I'm no scientist (By a long way, I daren't even experiment on my own head) but I do know that generally, for solutions of unknown strength you can take a series of samples of known strength, run those samples through some analysis process such as spectrophotometry and then calculate your unknown using the same process. I'm also not the worlds biggest fan of office, and felt slightly let down by OpenOffice capabilities in this area too. Of course I needn't.. like all open source tasks, it's a question of right tool for the right job. instead of spending 3 weeks trying to make excel do something it can't I should have invested an hour in gnuplot. Here's the output of my lunchtime play.

I've got a file called exp_1.dat of space separated values:

1 1
2 2
3 5
4 6
5 30
6 29
7 28
8 27
11 3
22 23
25 27
26 40
27 30

The values are deliberately iffy so I can see the effects of some different operations on the graph. Specifically, the trend of values from 5 to 8 are a descending line opposing the general upward trend of the series. This is to test those occasions where you want to omit the acceleration and deceleration phase.

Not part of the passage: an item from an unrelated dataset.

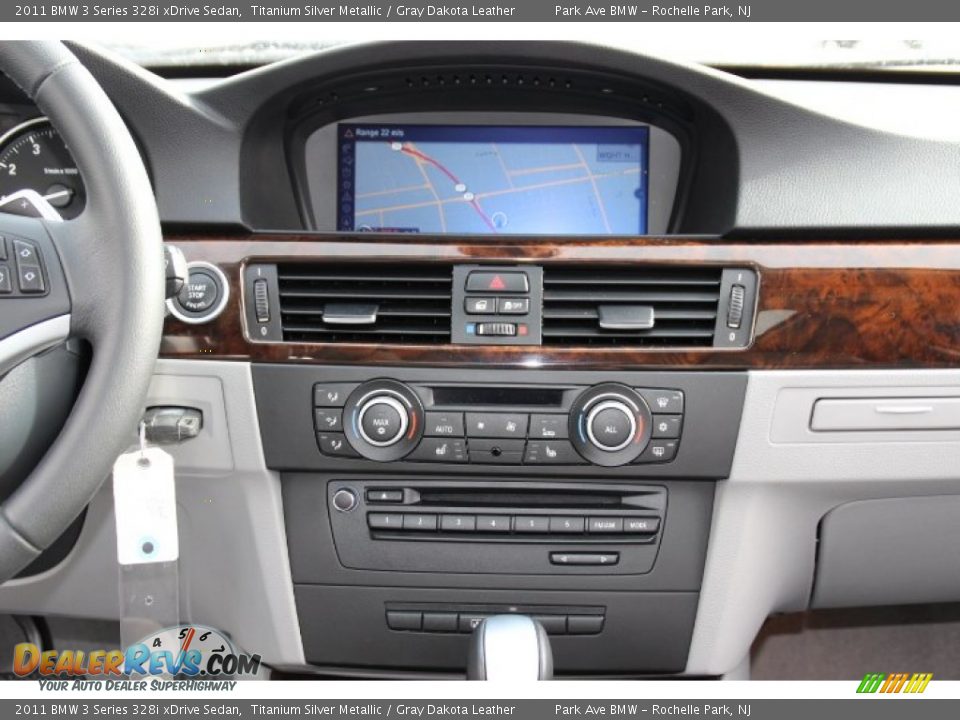 2011 BMW 3 Series 328i xDrive Sedan Titanium Silver Metallic / Gray Dakota Leather Photo #13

And here's my script.. it runs as is under linux when gnuplot is installed, i understand there is a windows runtime environment for gnuplot too.

---- Start ----
#!/usr/bin/gnuplot
# My first attempt at a plot that just fits an straight line to the entire set of points
# in the source data file. Best fit, but with just a specific sub-range of data, testing
# best fitting when excluding accelleration and decelleration phases of a reaction.

reset

# Manually force x and y range, can omit, just for clarity here
set origin 0,0
set xrange [0:40]
set yrange [0:40]

# plot of size 800x600
set terminal svg size 800,600

set output 'graph2.svg'

# Our first best fit line, for all data values
b = 0.0
m = 0.0
f(x) = m*x + b
fit f(x) 'exp_1.dat' via b, m

# Fitting only x values between 5 and 8, in practise we look at the values and decide
# where the acceleration and deceleration phases start and end
b2 = 0.0
m2 = 0.0
f2(x) = m2*x + b2
fit [5:8] f2(x) 'exp_1.dat' via b2, m2

# Here is where we'd do a bit of math to re-write y=mx+b the values for b2 and m2
# and plug in our required y value in order to arrive at
# Our test input value is 17
iy = 17
ix = ( iy - b2 ) / m2

# Some output
top_title = sprintf("Test best fit for subset outside acceleration and deceleration");
set title top_title
set timestamp "Last updated: %d/%m/%Y, %H:%M" top

t = sprintf("%1.3fx+%1.3f",m,b)
set label t at 20,16

t2 = sprintf("%1.3fx+%1.3f",m2,b2)
set label t2 at 5,13

set xlabel "My X Label"
set ylabel "My Y Label"

set key left
set grid

# Draw some nice lines from our unknown sample to the calculated absorbtion
set arrow 1 from -1,iy to ix,iy nohead
set arrow 2 from ix,iy to ix,0
# Add A pretty label
a = sprintf("Absorbtion at %f = %f",iy,ix)
set label a at ix+3, 3

# Draw it!
plot 'exp_1.dat' title "Source Data", f(x) title "Best Fit 1" , f2(x) title "Best Fit 2"

---- End ----

The net result is to the right. The script as is outputs SVG, scalable vector graphics, but for display on the blog I had to output as a gif. The SVG is (To me) much nicer looking and it has the advantage of being, well, scalable. Even better, the script is relatively generic, so any data series can be plugged in and all the user needs to do is set the unknown sample measurement in y1 and it will auto draw a line and point out the required x value. Really quite neat, and best of all, can be incorporated into an automated process.

Well I don't know if it's useful, but it beats real work.